Strategy analysis could aid fundamental analysis in two primary ways—by providing better insight into a firm's future performance and by offering a more complete picture of a strategy's risks. Strategy analysis helps an analyst evaluate the impact of strategy on a firm's future performance, measured by sales, earnings, and other measures. As these performance measures change, the fundamental value of the company will also change. Consider a computer company that decides to switch from a differentiatedproduct strategy to a low-cost product strategy. Such a change in strategy would have a significant impact on firm revenues, cost structure, and potential sales growth. An analyst following the company will have to understand how each of these implications of the change in strategy will affect the firm's fundamental value. Thus, understanding the impact of strategy on future performance can be an integral part of an analyst's fundamental analysis.
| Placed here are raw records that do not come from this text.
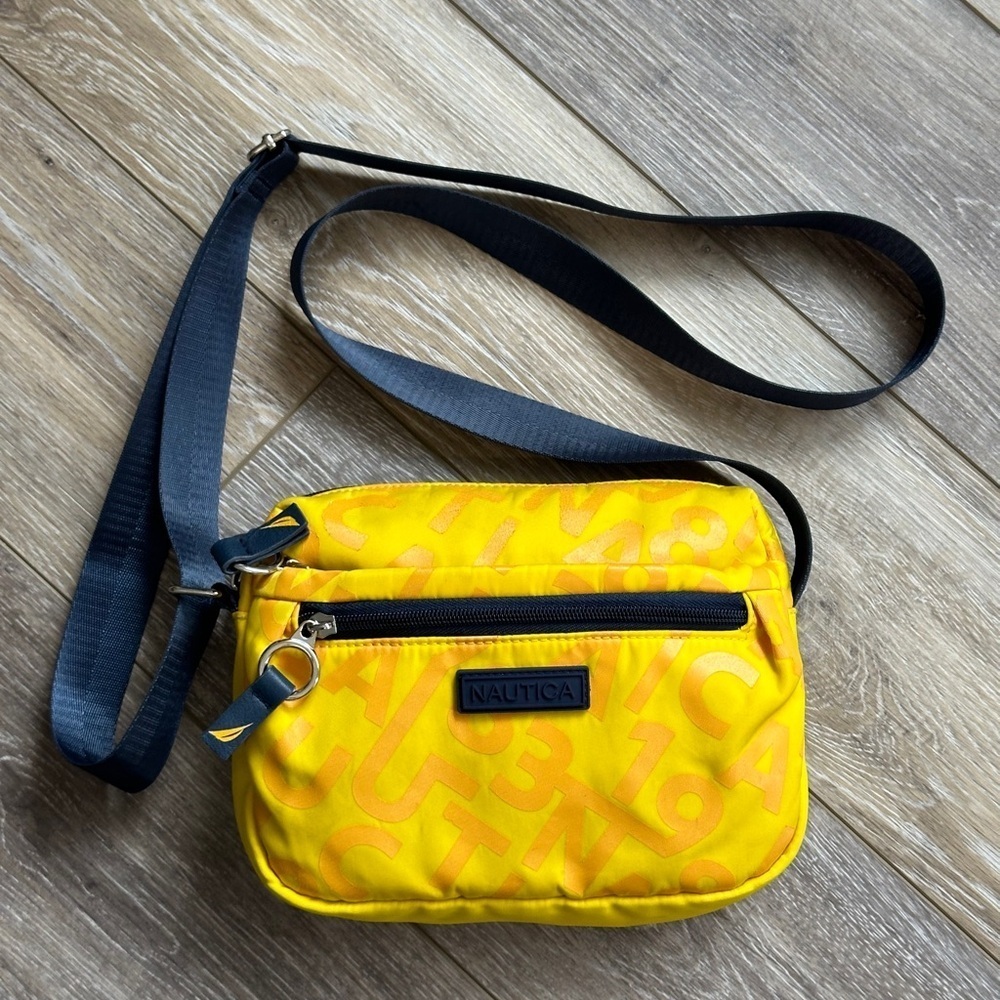 🛍️ NAUTICA  Cross body bag 6” 1/2 H X 8” 1/2 W adjust strap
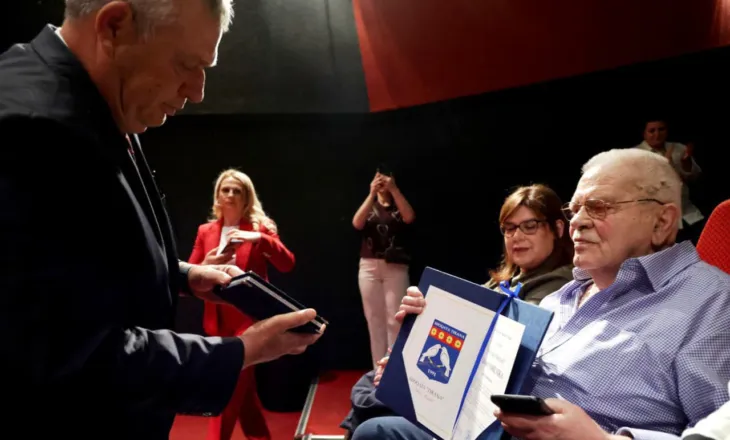 Një mbrëmje për një kolos të skenës shqiptare, shfaqet dokumentari për ikonën Robert Ndrenika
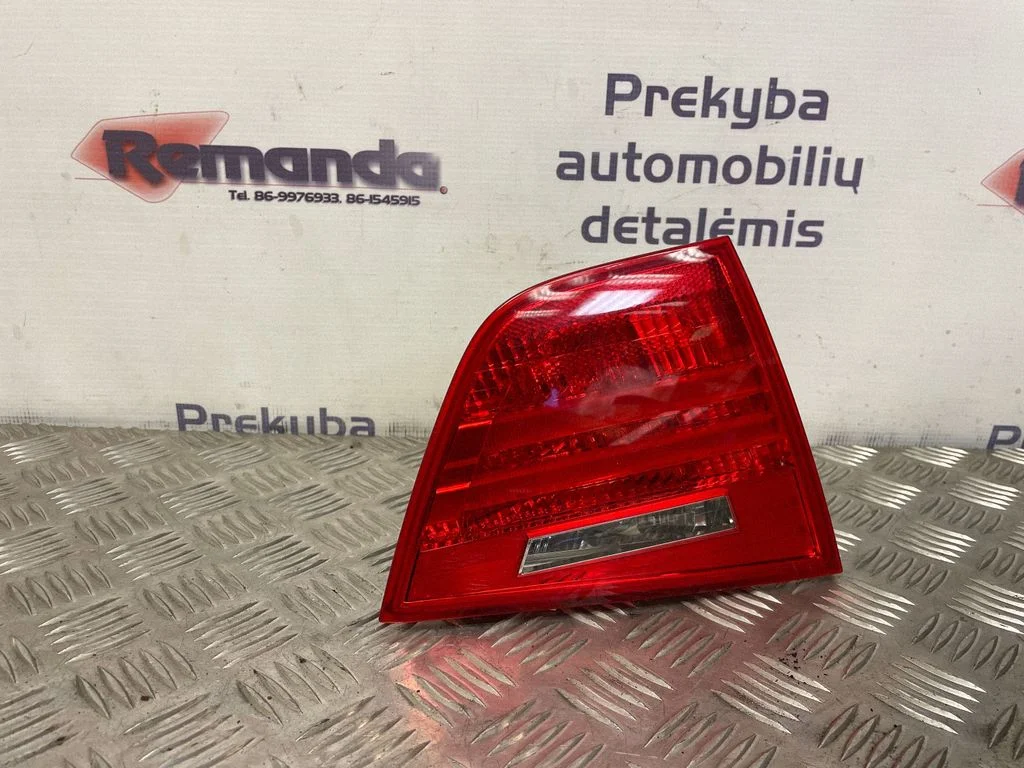 Aizmugurējais lukturis bagāžnieka vākā 218201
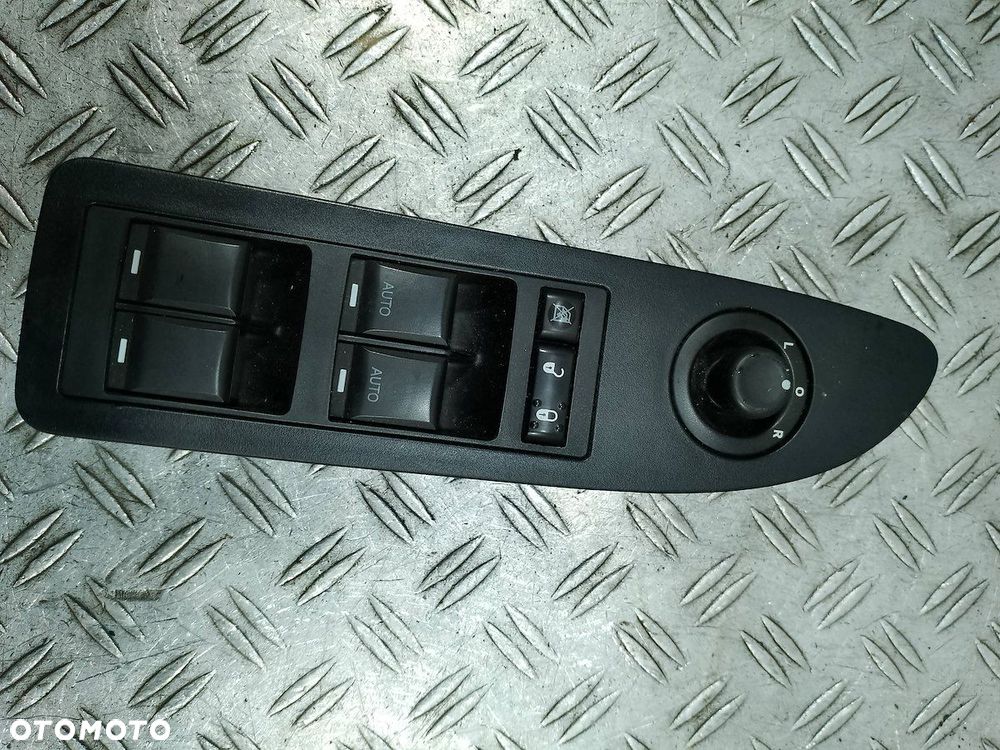 PANEL STEROWANIA SZYB I LUSTEREK CHRYSLER 200 (JS) 04602781AA - 2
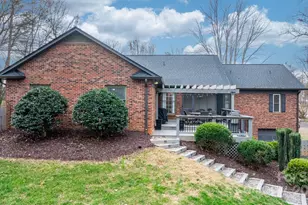 489 17th Ave NE, Hickory, NC 28601 - Photo 36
Strategy analysis can also help highlight potential risks associated with a change in strategy. As the firm's risks change, the firm's fundamental values will also change. First, there is the risk that the firm will not be able to implement the strategy as promised. Consider again the change in strategy from product differentiation to low-cost production. If the firm cannot reduce its cost structure, it faces the unenviable task of selling undifferentiated products at higher prices than its competitors. Hence, the fundamental value of the firm will depend on the likelihood of its strategy being successfully implemented. Second, there may be changes in firm risk caused by the successful implementation of the strategy change. If the strategy change involves entry into a new market or industry, the firm may be changing the risk of its operations. Being either the low-cost producer of an undifferentiated product or the producer of a differentiated product both entail risks to the firm. The likelihood that competitors will be able to produce at a lower cost or develop differentiated products superior to the firm's, suggests the risk involved with following a particular strategy. Finally, the analyst must evaluate the firm's chances for success given the current industry structure and profitability as well as the strategies of other firms in the industry. In each of these cases, strategy analysis can be used to identify and evaluate the risks the firm faces which, in turn, will affect the fundamental value of the firm.